Net neutrality, what is it?
It's a basic principle that prohibits internet providers from speeding up, slowing down or blocking any website's content or media that you want to use.
"So, think about how some sites are blocked at school. If net neutrality is repealed, internet providers will be able to do this to your home internet, so then you would have to pay to use those websites or viewing the content," said a student at Bishop Nolan Episcopal Day school, Dillon Royer.
He explains Net Neutrality requires internet service providers, or ISP's to treat all content on the internet equally.
"The internet usage we always have is a free and open internet. No blocking, nothing stopping us from viewing anything but without this they would be able to do so," said Royer.
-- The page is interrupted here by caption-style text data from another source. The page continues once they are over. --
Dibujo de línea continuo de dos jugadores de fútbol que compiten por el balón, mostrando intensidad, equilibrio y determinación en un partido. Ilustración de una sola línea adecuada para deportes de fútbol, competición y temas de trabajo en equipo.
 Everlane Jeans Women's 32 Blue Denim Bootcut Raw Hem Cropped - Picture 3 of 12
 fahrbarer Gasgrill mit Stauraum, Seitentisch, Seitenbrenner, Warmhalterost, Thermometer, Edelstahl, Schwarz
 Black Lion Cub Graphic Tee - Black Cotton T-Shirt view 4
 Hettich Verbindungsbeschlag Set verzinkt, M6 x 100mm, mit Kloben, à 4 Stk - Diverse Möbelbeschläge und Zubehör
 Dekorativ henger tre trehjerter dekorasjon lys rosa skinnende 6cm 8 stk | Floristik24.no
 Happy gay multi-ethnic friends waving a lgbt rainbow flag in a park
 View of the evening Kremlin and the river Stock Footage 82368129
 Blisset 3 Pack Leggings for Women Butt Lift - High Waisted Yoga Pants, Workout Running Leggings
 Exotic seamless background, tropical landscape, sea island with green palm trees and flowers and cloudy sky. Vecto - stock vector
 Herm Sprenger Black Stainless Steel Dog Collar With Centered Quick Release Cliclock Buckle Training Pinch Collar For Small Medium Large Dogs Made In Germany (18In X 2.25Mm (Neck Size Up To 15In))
He created this presentation with fellow classmates and presented it to the school to show what a country without Net Neutrality would look like.
Most ISP's have shown interest in charging internet companies with high traffic, like Netflix, Hulu, or Youtube, extra money for a prioritized lane to ensure the fastest data possible.
If the FCC votes to eliminate net neutrality, experts fear it could allow ISP's to play favorites with companies willing to pay more.
However, FCC Chairman, Ajit Pai, is calling net neutrality regulations a "flawed approach," and that those regulations were never needed in the first place, saying the federal government should "stop micromanaging the internet."
When asked about the fear that people will have to potentially pay more for internet service, Pai said that's simply not true.
"That's not the internet economy we had from 1996 until 2015 when these rules were imposed. There was nothing broken about the internet before 2015," said Pai.
Pai argues this will restore what he calls the free market consensus.
Will the FCC keep net neutrality?
The five commissioners are expected to vote 3-to-2, along party lines, in favor of getting rid of the regulation. It comes to a vote on December 14th.